Deep Learning for Sentiment Analysis

Sentiment analysis using deep learning goes far beyond simple lexicon-based approaches. Modern architectures capture contextual nuance, long-range dependencies, and aspect-level granularity that traditional methods cannot achieve.

Evolution of Sentiment Analysis

The field has progressed through several key stages, each building on the limitations of its predecessor.

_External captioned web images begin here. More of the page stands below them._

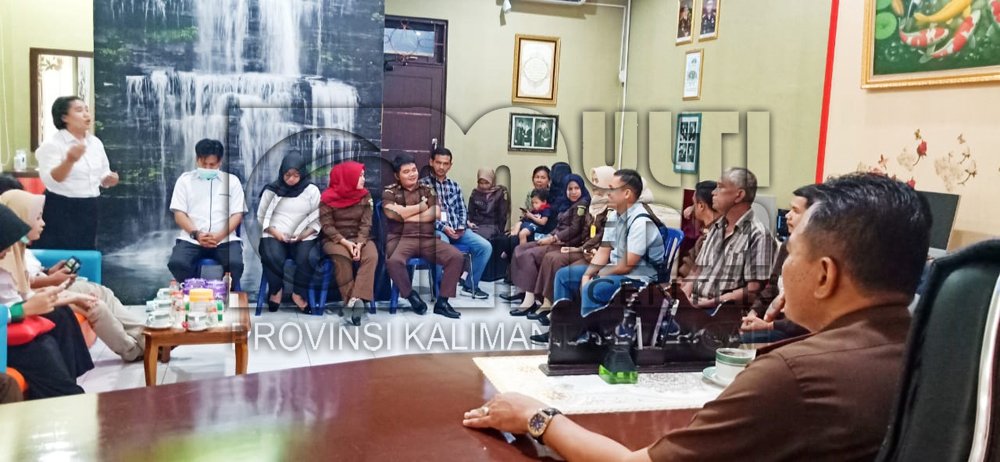 Sosialisasi dan pemeriksaan suhu tubuh untuk pencegahan penularan Virus Corona di Kejari Sukamara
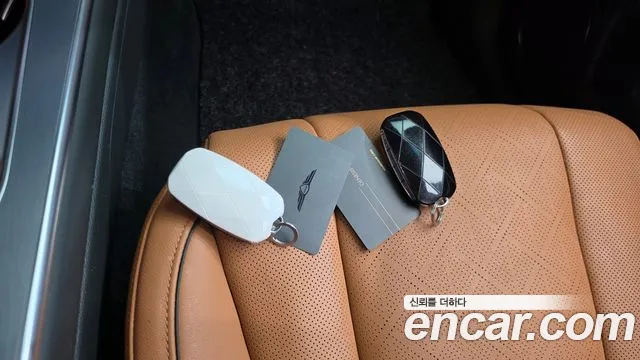 Genesis GV80 — Фото автомобиля 22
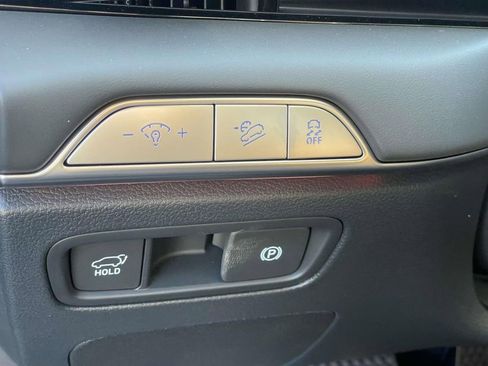 New 2026 Genesis GV80 2.5T Advanced image 13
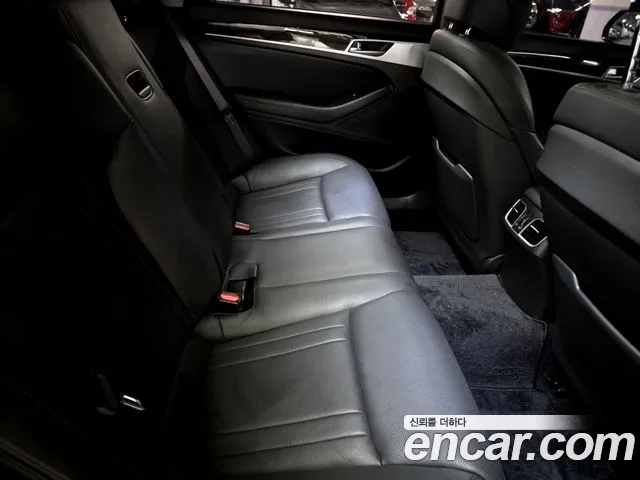 Genesis G80 2018 thumb 9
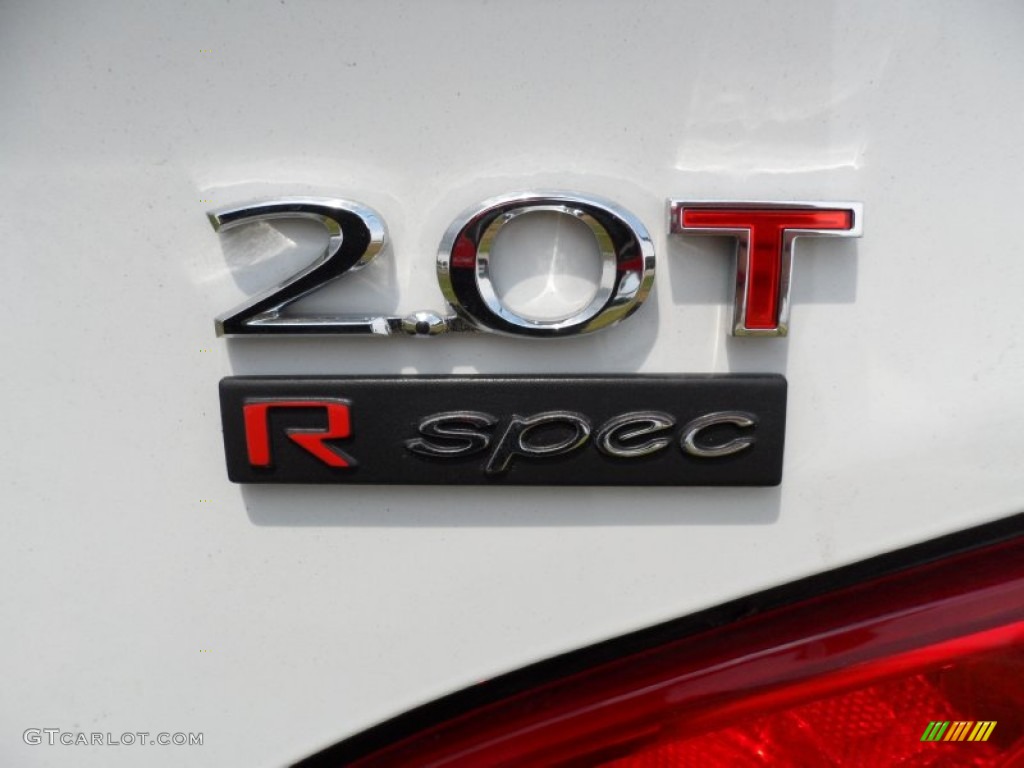2011 Hyundai Genesis Coupe 2.0T R Spec Marks and Logos Photos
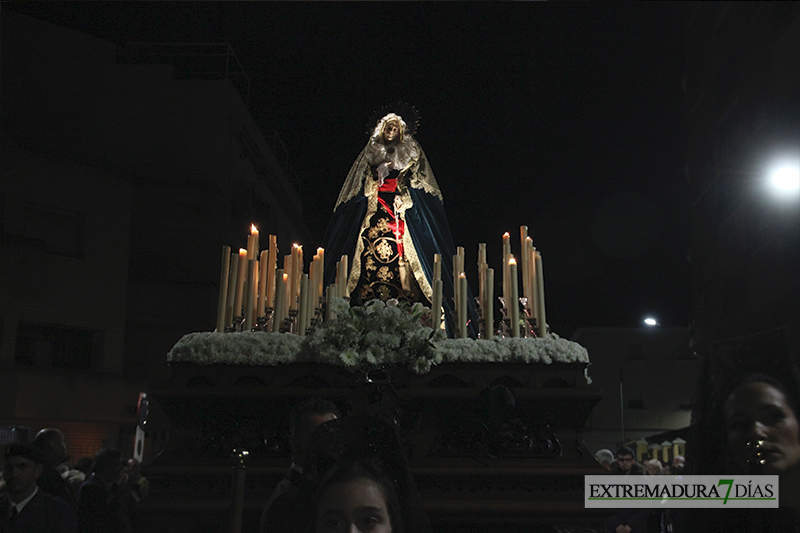 Imágenes del Martes Santo procesionando por las calles de Badajoz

Approach	Era	Key Technique	Limitation
Lexicon-based	2000s	Word polarity lists	No context awareness
Bag-of-Words + ML	2010s	Naive Bayes, SVM	Word order lost
Word Embeddings	2013+	Word2Vec, GloVe	Static representations
RNNs / LSTMs	2015+	Sequential modeling	Vanishing gradients
Transformers	2018+	BERT, RoBERTa	Computational cost

LSTM-Based Sentiment Analysis

Long Short-Term Memory (LSTMs) solve the vanishing gradient problem inherent in vanilla RNNs, making them well-suited for capturing sentiment across long documents.

LSTM Cell Architecture

An LSTM cell maintains three gates that control information flow:

DfLSTM Gate Equations

\begin{aligned} f_t &= \sigma(W_f \cdot [h_{t-1}, x_t] + b_f) & \text{(forget gate)} \\ i_t &= \sigma(W_i \cdot [h_{t-1}, x_t] + b_i) & \text{(input gate)} \\ \tilde{C}_t &= \tanh(W_C \cdot [h_{t-1}, x_t] + b_C) & \text{(candidate)} \\ C_t &= f_t \odot C_{t-1} + i_t \odot \tilde{C}_t & \text{(cell state)} \\ o_t &= \sigma(W_o \cdot [h_{t-1}, x_t] + b_o) & \text{(output gate)} \\ h_t &= o_t \odot \tanh(C_t) & \text{(hidden state)} \end{aligned}

BiLSTM Implementation

Using bidirectional LSTMs captures both forward and backward context:

import torch
import torch.nn as nn

class BiLSTMSentiment(nn.Module):
    def __init__(self, vocab_size, embed_dim, hidden_dim, num_classes, num_layers=2, dropout=0.5):
        super().__init__()
        self.embedding = nn.Embedding(vocab_size, embed_dim)
        self.lstm = nn.LSTM(
            embed_dim, hidden_dim,
            num_layers=num_layers,
            batch_first=True,
            bidirectional=True,
            dropout=dropout
        )
        self.attention = nn.Linear(hidden_dim * 2, 1)
        self.classifier = nn.Sequential(
            nn.Linear(hidden_dim * 2, hidden_dim),
            nn.ReLU(),
            nn.Dropout(dropout),
            nn.Linear(hidden_dim, num_classes)
        )

    def forward(self, x):
        embedded = self.embedding(x)           # (batch, seq_len, embed_dim)
        lstm_out, _ = self.lstm(embedded)       # (batch, seq_len, hidden*2)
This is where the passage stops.